TASK INSTRUCTIONS: In the listing below, the answer starts at the line that has "Can Organizer for" and stops after the line that has "Fitflop Uk 4"; please repeat that part exactly and nothing more.

[[ MATERIAL SUPPLIED, beginning ]]

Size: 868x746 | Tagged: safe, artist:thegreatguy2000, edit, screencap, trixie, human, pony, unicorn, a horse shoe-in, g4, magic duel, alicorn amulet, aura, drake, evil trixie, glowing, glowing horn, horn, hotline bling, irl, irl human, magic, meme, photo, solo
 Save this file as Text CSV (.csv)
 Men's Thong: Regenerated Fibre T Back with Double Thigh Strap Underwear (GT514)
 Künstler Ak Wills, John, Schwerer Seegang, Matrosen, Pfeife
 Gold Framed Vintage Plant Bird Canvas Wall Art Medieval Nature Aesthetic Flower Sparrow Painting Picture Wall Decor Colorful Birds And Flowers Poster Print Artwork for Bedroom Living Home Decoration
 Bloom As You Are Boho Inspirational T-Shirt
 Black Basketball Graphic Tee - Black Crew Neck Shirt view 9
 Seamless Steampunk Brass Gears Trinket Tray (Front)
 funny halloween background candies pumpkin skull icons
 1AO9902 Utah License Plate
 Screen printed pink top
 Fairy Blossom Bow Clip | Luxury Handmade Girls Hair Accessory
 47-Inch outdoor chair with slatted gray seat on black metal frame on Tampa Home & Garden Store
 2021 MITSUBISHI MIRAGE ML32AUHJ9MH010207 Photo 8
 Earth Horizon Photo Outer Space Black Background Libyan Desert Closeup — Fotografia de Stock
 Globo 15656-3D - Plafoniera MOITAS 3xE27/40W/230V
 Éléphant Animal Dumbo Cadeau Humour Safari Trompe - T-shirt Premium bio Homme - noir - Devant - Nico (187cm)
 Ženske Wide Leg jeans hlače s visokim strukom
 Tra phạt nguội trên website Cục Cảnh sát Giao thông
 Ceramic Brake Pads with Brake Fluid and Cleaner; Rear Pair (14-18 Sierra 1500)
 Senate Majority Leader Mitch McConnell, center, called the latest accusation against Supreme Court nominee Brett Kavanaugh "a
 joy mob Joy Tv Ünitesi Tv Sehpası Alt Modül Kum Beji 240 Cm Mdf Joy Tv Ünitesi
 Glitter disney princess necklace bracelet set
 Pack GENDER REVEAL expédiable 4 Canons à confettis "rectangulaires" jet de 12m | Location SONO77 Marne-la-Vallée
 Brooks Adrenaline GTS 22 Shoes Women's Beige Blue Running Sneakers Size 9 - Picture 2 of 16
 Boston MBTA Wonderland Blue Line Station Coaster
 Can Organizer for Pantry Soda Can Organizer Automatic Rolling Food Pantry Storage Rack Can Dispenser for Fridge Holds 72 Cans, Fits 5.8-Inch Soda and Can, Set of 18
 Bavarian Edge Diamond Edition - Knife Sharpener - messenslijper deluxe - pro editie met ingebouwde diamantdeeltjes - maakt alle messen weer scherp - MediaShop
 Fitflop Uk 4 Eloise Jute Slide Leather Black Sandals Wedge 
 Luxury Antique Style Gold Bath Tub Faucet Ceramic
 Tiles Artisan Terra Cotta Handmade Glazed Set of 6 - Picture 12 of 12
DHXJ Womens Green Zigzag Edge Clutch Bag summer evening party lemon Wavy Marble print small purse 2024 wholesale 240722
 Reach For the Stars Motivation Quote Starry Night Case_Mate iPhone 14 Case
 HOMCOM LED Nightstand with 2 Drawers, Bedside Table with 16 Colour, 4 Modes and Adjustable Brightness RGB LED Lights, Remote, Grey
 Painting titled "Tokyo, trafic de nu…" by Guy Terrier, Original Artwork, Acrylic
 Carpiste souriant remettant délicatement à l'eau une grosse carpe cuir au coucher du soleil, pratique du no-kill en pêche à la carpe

[[ MATERIAL SUPPLIED, end ]]

OUTPUT:
 Can Organizer for Pantry Soda Can Organizer Automatic Rolling Food Pantry Storage Rack Can Dispenser for Fridge Holds 72 Cans, Fits 5.8-Inch Soda and Can, Set of 18
 Bavarian Edge Diamond Edition - Knife Sharpener - messenslijper deluxe - pro editie met ingebouwde diamantdeeltjes - maakt alle messen weer scherp - MediaShop
 Fitflop Uk 4 Eloise Jute Slide Leather Black Sandals Wedge 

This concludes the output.